Rangendo os dentes de nervoso o ex encarregado não podia acreditar que estava funcionando.
— É… se me dá licença eu vou lá ver, beleza? — Falou retirando o headset da cabeça.
Ninguém na operação entendeu porque Igor se levantou com um caderno no braço e foi em direção as demais mesas dos supervisores. Um a um ele foi recolhendo cadernos, alguns eram pequenos outros grandes, porém cada um tinha todas as páginas preenchidas.
— O que você tá fazendo? — Amanda se levantou da cadeira e gritou para o ex encarregado de longe.

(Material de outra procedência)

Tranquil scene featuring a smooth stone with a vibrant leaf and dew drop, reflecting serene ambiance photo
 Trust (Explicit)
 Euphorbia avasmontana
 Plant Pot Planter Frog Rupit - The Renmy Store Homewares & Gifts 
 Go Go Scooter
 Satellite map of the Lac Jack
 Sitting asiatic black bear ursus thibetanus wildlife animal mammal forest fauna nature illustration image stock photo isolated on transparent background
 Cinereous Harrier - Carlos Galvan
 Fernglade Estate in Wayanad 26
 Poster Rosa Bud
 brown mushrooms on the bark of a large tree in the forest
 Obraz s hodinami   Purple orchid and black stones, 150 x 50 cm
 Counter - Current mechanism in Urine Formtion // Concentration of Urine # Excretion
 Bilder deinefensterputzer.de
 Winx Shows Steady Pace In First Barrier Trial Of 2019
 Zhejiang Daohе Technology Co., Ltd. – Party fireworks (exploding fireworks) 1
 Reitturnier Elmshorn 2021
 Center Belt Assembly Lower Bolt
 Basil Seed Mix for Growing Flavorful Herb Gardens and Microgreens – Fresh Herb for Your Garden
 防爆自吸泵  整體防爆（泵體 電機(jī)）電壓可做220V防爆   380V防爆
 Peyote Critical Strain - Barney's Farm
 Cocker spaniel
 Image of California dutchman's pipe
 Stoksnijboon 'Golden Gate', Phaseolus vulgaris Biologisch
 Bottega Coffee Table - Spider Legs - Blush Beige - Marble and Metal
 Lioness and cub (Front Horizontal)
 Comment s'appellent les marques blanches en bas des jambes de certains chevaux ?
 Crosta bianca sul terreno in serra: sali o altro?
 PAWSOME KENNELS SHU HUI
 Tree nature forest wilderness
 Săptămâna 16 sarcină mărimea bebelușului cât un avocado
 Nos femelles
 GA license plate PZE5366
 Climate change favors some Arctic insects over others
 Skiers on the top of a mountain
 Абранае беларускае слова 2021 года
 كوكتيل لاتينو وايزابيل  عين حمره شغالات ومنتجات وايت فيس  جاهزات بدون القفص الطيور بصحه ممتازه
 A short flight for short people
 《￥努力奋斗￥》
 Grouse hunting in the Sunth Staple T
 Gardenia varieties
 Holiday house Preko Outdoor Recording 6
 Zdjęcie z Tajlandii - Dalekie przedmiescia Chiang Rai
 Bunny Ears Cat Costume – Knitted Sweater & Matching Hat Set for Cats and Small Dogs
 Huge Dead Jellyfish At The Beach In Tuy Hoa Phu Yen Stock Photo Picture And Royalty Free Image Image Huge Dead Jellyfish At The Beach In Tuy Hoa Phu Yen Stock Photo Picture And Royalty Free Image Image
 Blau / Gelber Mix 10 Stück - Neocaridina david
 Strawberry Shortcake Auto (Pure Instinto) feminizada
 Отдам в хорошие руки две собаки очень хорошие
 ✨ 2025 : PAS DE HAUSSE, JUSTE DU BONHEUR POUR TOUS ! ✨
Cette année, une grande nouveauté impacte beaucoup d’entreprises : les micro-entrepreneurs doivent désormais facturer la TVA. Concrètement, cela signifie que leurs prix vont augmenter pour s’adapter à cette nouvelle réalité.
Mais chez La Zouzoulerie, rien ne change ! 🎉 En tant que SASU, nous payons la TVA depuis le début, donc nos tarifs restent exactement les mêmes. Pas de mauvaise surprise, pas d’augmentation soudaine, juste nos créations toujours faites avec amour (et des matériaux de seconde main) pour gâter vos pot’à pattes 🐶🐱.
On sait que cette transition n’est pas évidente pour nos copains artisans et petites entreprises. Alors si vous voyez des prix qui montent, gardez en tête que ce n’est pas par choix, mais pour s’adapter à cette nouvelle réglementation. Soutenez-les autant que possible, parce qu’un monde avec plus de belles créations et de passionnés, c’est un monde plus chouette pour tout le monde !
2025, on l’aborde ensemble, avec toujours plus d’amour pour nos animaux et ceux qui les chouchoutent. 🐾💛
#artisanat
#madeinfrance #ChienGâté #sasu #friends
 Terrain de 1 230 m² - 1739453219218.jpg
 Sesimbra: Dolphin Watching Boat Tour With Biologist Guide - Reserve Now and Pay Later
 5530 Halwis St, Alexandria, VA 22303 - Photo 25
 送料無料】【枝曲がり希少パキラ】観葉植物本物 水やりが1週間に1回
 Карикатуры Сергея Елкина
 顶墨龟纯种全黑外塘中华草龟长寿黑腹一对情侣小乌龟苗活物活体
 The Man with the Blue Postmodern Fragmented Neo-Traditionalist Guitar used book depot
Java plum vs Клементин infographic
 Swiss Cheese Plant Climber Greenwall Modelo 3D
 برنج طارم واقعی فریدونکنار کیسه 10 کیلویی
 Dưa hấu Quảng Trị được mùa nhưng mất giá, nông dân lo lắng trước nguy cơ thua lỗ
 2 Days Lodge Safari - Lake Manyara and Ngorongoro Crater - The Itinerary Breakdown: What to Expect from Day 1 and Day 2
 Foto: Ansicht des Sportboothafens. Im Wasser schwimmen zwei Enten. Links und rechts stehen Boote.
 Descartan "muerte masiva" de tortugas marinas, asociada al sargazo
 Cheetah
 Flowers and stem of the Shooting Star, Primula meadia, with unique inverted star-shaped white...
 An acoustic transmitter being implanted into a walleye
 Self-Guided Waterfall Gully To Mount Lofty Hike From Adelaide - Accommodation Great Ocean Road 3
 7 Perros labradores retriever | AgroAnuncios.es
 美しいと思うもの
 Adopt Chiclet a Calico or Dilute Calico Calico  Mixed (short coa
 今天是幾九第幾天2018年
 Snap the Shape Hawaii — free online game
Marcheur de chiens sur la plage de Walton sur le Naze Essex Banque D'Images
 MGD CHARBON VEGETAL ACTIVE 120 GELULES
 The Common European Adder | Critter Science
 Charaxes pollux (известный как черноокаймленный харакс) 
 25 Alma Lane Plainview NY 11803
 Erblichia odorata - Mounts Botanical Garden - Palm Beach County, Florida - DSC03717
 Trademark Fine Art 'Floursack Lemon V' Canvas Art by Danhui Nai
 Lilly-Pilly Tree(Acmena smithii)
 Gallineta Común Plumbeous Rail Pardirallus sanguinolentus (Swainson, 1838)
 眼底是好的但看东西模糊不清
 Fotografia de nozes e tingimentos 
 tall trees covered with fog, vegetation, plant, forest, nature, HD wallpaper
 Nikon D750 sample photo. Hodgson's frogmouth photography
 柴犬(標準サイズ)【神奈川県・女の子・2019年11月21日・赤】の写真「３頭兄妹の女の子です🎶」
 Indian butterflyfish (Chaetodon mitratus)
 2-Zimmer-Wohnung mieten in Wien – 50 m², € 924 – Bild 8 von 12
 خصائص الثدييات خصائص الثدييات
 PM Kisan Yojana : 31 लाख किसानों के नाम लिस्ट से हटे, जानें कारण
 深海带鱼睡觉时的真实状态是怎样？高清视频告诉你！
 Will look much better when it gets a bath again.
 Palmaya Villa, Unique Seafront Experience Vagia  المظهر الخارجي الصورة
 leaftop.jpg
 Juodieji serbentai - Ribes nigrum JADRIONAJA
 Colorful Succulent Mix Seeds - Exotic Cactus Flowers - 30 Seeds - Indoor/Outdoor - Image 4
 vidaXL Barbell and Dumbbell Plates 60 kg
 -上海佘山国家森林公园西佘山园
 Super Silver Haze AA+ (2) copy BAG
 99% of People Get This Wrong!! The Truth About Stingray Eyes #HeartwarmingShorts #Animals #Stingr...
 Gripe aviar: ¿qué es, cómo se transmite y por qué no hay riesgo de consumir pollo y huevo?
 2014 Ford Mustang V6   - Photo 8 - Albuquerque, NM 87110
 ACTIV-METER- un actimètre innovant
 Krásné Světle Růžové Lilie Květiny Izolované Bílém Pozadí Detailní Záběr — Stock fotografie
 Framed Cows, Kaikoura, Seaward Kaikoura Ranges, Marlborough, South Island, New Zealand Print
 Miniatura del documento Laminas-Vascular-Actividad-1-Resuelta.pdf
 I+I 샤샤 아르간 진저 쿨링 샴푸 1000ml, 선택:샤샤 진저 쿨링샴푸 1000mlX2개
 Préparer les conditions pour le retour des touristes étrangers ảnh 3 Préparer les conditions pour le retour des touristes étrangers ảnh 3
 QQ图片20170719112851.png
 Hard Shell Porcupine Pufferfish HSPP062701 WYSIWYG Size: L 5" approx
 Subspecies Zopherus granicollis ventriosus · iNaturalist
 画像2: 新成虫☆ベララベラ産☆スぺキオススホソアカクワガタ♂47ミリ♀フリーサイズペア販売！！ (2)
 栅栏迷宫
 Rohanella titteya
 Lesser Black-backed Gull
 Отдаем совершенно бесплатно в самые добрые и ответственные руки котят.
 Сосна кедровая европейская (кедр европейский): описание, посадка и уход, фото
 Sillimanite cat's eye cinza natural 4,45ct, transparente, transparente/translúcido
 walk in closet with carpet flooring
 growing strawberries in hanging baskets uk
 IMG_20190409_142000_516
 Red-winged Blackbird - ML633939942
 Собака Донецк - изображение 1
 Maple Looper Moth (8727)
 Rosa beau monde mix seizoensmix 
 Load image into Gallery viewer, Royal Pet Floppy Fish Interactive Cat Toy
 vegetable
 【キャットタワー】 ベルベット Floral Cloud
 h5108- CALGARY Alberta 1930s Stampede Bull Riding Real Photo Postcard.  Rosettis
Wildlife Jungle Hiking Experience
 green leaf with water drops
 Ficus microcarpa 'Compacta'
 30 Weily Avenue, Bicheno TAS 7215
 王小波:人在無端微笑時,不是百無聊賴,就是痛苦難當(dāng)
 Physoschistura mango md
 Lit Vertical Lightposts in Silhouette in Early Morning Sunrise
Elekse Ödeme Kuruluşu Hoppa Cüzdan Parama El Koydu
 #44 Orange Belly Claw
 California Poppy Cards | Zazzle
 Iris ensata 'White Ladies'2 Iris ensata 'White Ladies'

— Resolvendo uma coisa inacabada dos supervisores. Brigadão brother. — Falou agradecendo um colega do setor de recuperação. — Apenas aguarde.
Enquanto isso a cliente realmente achava que o atendente estava de joelhos em uma sala cheia de fumaça orando por uma solução de seu caso.
— Dona uma coisa impressionante aconteceu lá na hora dos gênios sacarem do teu problema.
A mulher juntamente com suas amigas brilharam os olhos.
— É mesmo? O que aconteceu? Eles deram alguma resposta?
— Sim.— Igor esperou por alguns segundos para a cliente adquirir mais esperanças.— Eles mandaram você se lascar.— Falou ele encerrando o contato.